Scottish Natural Heritage (SNH) is reviewing the General Licences that allow for the taking and killing of wild birds in Scotland. Similar schemes operate in England, Wales and Northern Ireland.

The General Licences allow any authorised person – usually the landowner, someone acting on his behalf, or a “pest controller” – to undertake normally proscribed activities, such as killing wild birds or interfering with their nests or eggs. There is no approval process – a Licence can simply be downloaded from the SNH website and relied on, as long as the user can say he has read and understood it.
Conditions on the Licences restrict the species that can be killed and the purposes for killing. Nonetheless the scheme has long been criticised for allowing the persecution of certain species, especially corvids (crows, rooks, magpies and jays) and columbids (pigeons and doves).
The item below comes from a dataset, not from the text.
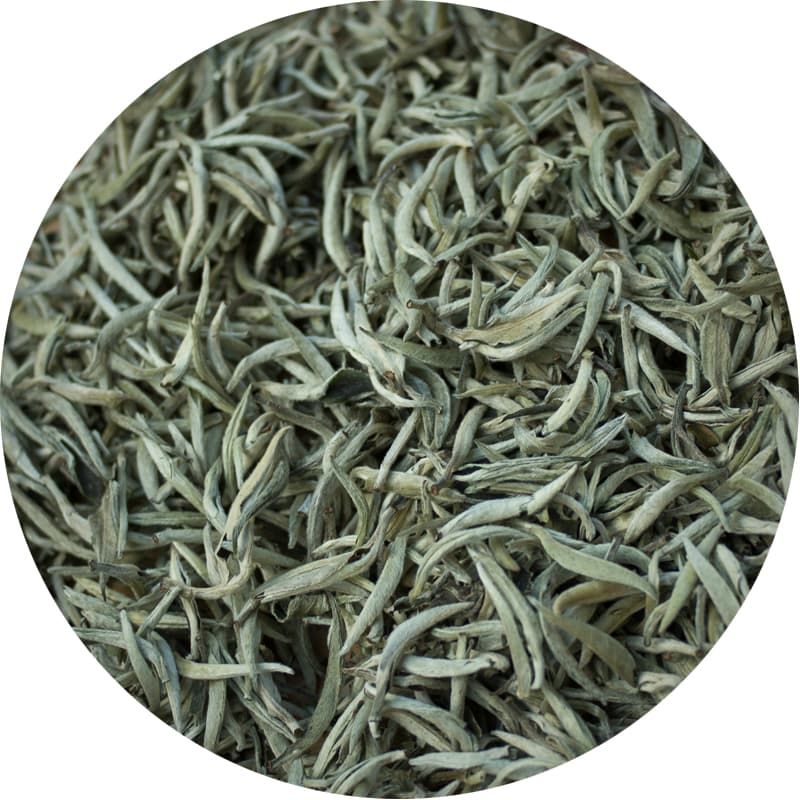 Белый Бай Цзянь - Белый острия, Весна 2024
As the RSPB has pointed out in the past, the mere presence of these birds doesn’t necessarily mean they are causing a problem, but some land managers control them as a matter of routine.
For OneKind of course the main issue is animal welfare. We don’t support the killing of animals or birds but, if control is thought to be unavoidable, it must be humane.
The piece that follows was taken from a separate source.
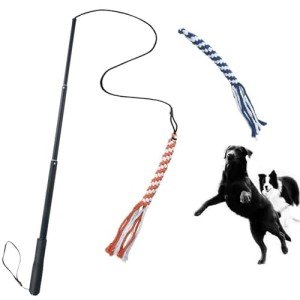 ASOCEA Extendable Dog Teaser Wand Toy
The Licences already allow the use of Larsen traps, baited with decoy birds, often seen fluttering desperately, confined close to the ground and in full view of predators. Now, according to the consultation, SNH proposes to allow a new and more dangerous trap.
The so-called Larsen mate (or clam or snapper trap) is baited with a dead rabbit or hare and left open with a false perch in two pieces above the bait. When weight is put on the perch it collapses, slamming the open upper parts of the cage together. The trap is intended for corvids but inevitably, non-target species such as raptors and ravens are also drawn to the bait - the OneKind field research officer has found buried raptor carcasses very close to Larsen mate traps.
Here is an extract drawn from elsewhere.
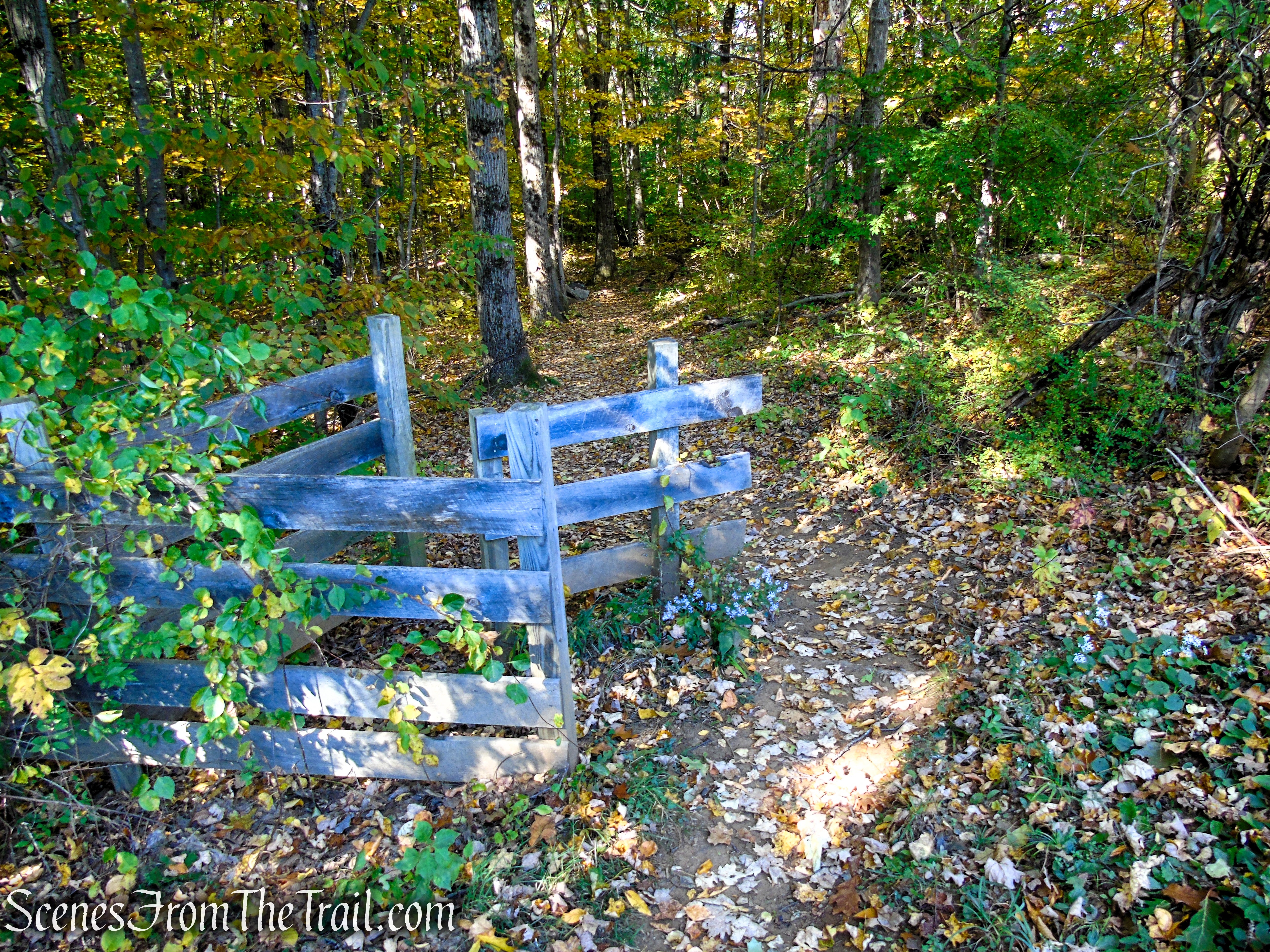 Cobble Loop Trail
When the cage snaps shut, the bird could be trapped across the body or wings. Even a cleanly-caught bird may have to endure up to 24 hours inside the cage before it is checked by the operator. In that time there may be no water or shelter, no space to move around, to perch or to open its wings. OneKind has submitted a response to the consultation (PDF), asking SNH not to license Larsen mate traps.
We have also asked for a review of a recently added condition that allows someone convicted under conservation and welfare laws to continue using the licence as long as he has “only” been admonished by the court. And, following our exposé of crow killing methods on a Scottish estate last year, we have asked for better guidance on humane killing.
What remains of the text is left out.